**Exercise goal:** Note on the material below: return exactly the lines from the line that holds "Barretta Torrone Tiramisu" through the line that holds "68e08e7453ff9fdbf81556cd", and leave out each picture.

**Records for the task:**
>>>>

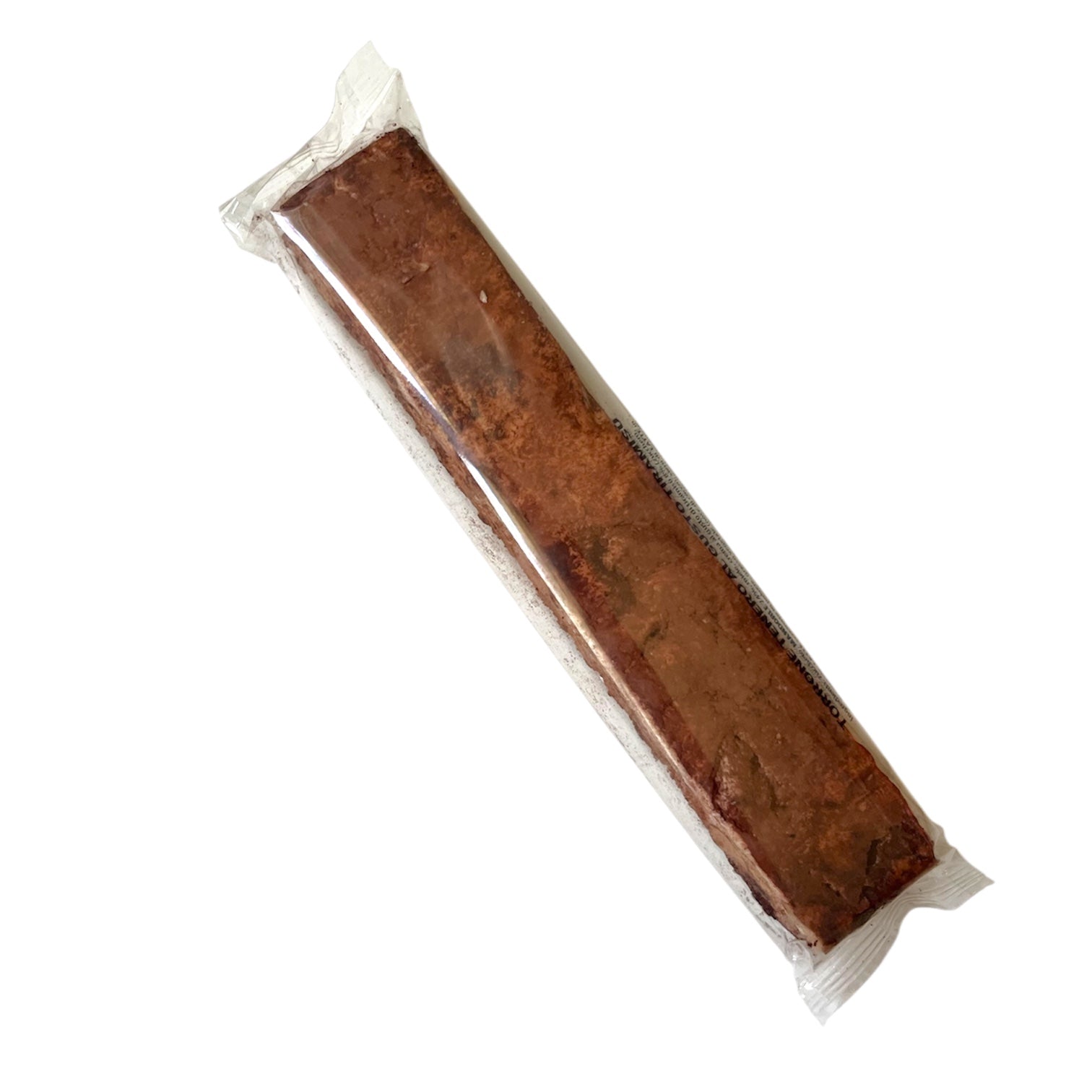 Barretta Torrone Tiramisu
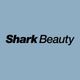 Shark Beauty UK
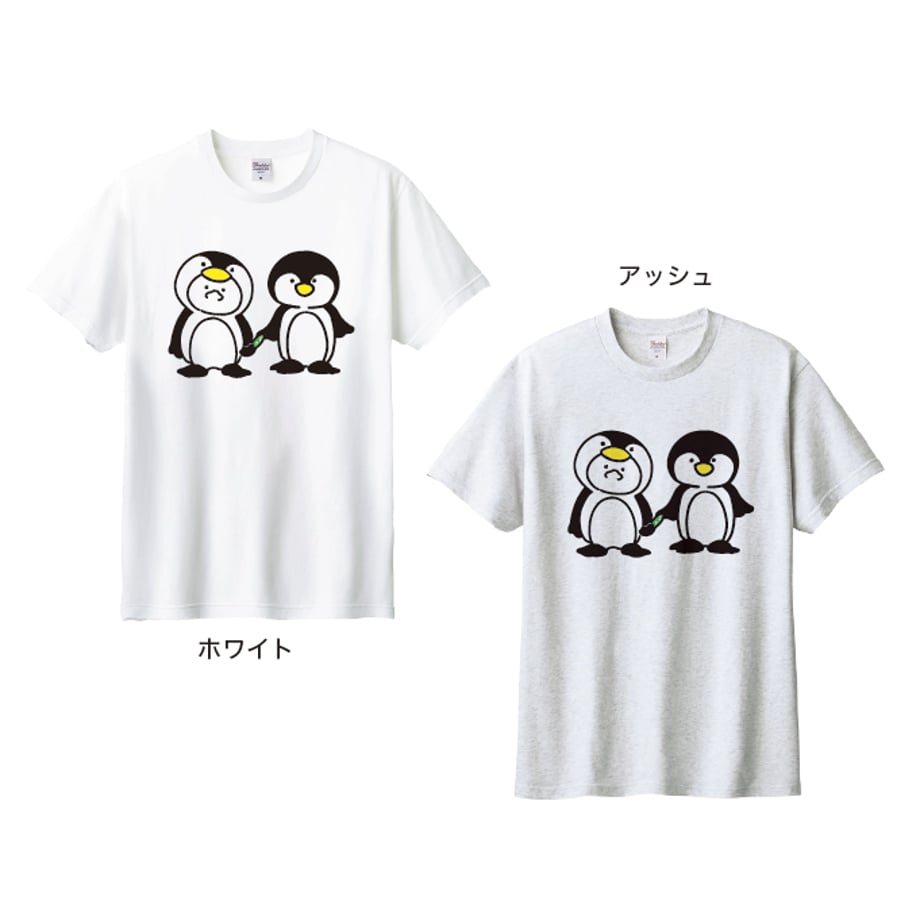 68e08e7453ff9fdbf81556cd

<<<<
>>>>

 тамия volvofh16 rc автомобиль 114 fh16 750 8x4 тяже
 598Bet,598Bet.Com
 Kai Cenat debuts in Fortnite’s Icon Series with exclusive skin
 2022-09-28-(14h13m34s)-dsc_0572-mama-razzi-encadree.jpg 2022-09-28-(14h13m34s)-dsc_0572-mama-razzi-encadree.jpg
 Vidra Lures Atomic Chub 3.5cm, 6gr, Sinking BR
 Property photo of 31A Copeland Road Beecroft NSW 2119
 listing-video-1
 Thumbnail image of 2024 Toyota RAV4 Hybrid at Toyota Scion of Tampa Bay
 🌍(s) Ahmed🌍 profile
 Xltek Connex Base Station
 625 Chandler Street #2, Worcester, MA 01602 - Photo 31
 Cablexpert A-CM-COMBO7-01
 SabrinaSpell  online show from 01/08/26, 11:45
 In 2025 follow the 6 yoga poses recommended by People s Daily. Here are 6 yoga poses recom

<<<<
>>>>

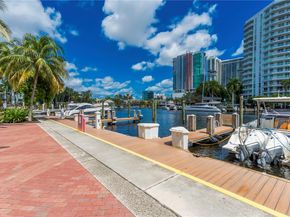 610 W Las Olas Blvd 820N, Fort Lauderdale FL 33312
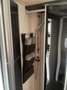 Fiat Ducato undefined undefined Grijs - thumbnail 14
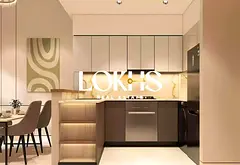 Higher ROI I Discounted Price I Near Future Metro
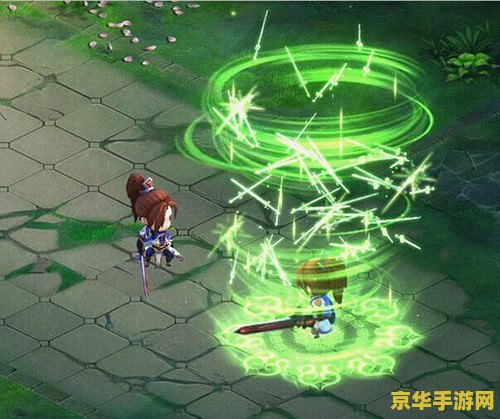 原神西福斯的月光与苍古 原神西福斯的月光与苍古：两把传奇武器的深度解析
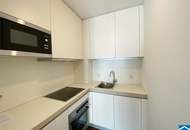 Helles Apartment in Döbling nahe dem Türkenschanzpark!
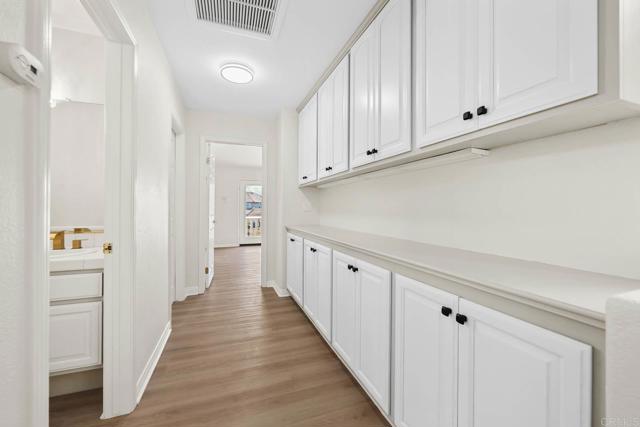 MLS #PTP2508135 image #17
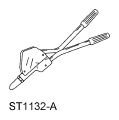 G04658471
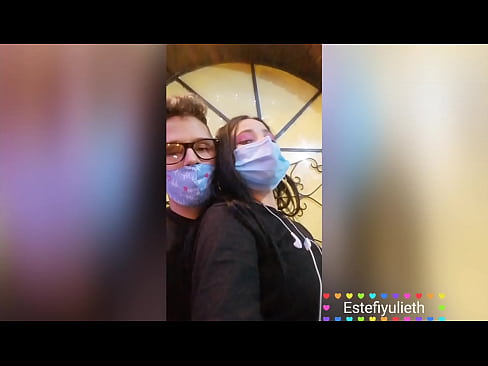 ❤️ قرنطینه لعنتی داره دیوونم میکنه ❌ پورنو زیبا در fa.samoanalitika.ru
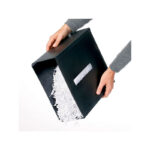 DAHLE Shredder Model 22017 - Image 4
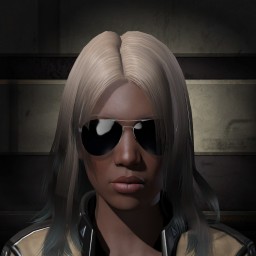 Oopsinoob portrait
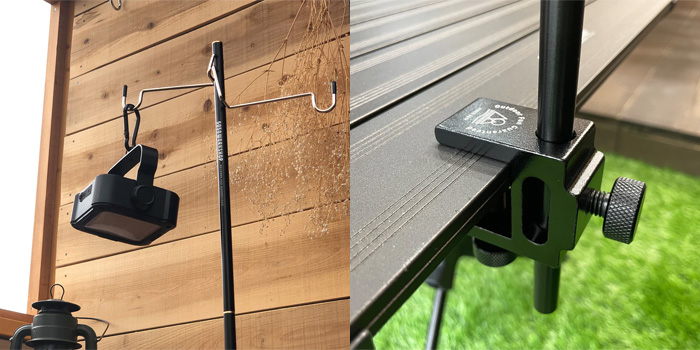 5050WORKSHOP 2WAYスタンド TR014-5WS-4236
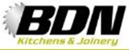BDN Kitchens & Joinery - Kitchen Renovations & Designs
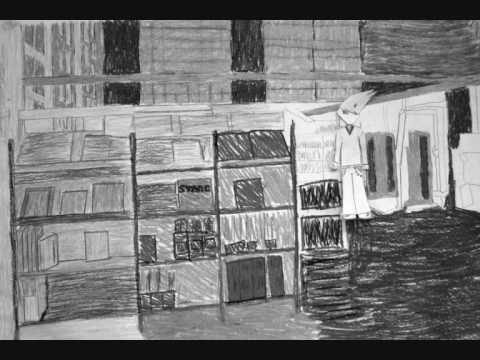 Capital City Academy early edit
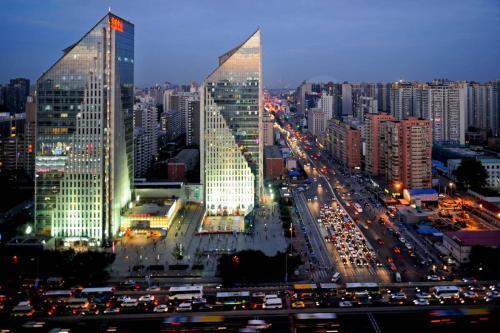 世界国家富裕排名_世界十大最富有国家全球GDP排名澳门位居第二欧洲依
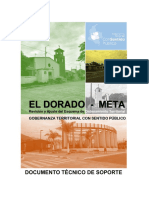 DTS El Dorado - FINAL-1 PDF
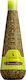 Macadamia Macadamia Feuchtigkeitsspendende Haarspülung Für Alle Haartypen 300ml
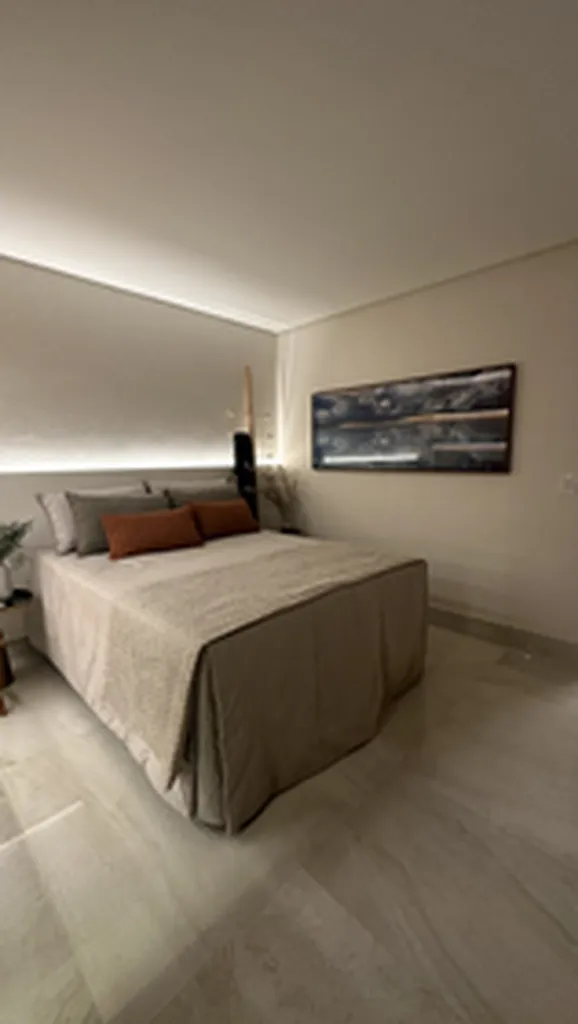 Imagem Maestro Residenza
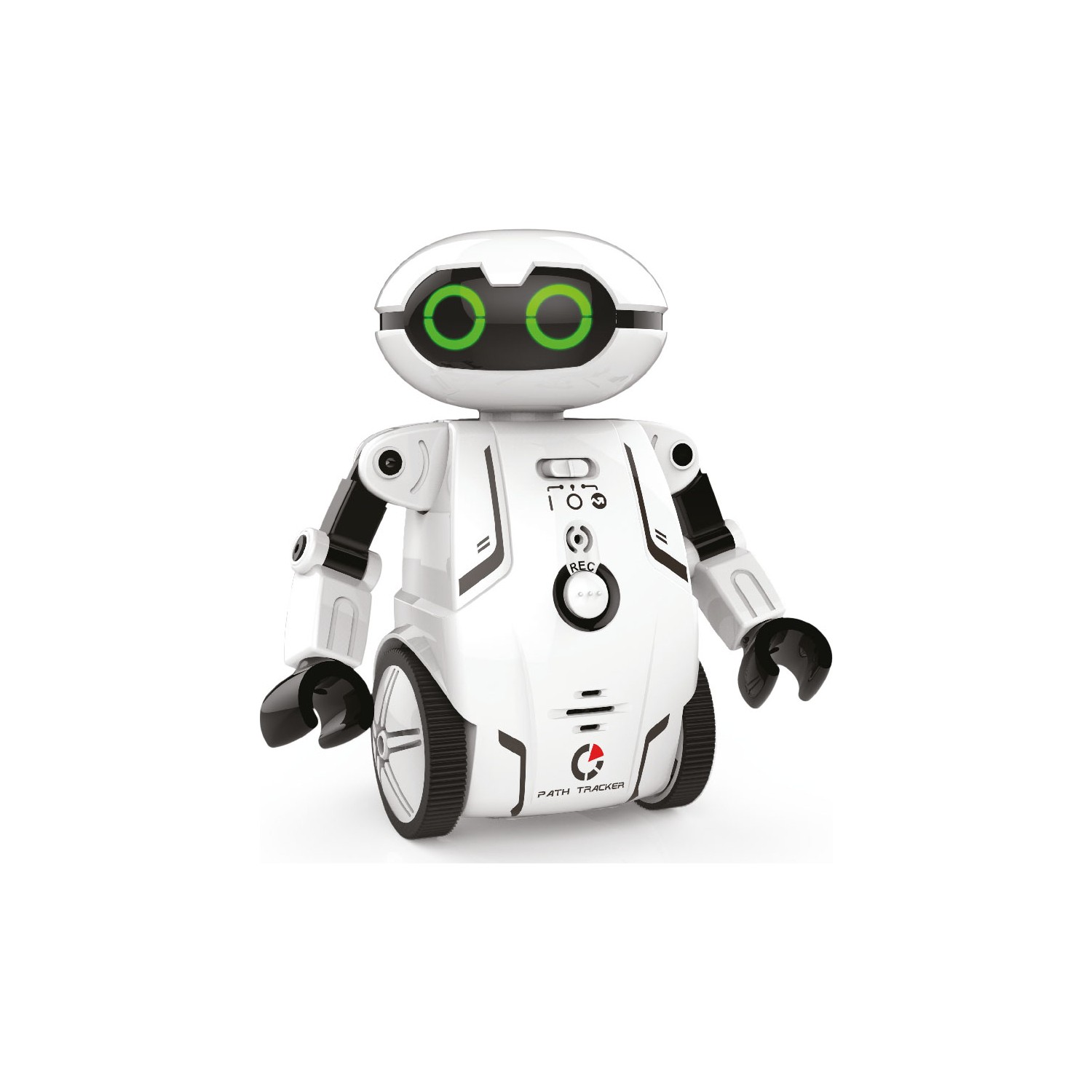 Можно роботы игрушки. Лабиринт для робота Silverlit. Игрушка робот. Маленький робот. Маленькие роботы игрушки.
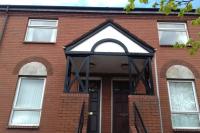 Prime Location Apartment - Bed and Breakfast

<<<<

**Result:**
 Barretta Torrone Tiramisu
 Shark Beauty UK
 68e08e7453ff9fdbf81556cd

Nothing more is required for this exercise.